The bar plots are showing the sum of the total number of fires in California and Oregon between 2018 and 2021 and their confidence intervals (indication of the uncertainty) as rectangular bars.

The bar plots are showing the sum of the total number of fires in California and Oregon between 2018 and 2021 and their confidence intervals (indication of the uncertainty) as rectangular bars.

The bar plots are showing sum of total tonnes of CO2 emissions in million tonnes from fires in California and Oregon between 2018 and 2021 and their confidence intervals as rectangular bars.

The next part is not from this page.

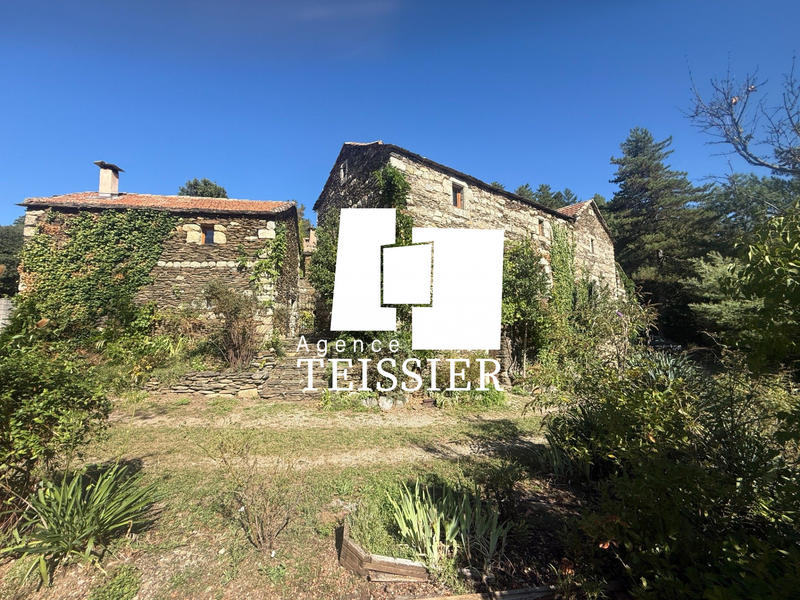 Maison - 250 m² - 7 pièces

The bar plots are showing sum of total tonnes of CO2 emissions in million tonnes from fires in California and Oregon between 2018 and 2021 and their confidence intervals as rectangular bars.

GHG Emissions from California and Oregon for 2021

For the rest of the tutorial, we will focus on analysing the 2021 fires in California and Oregon.

Let’s get 2021 fires data for California and Oregon from our combined dataframe.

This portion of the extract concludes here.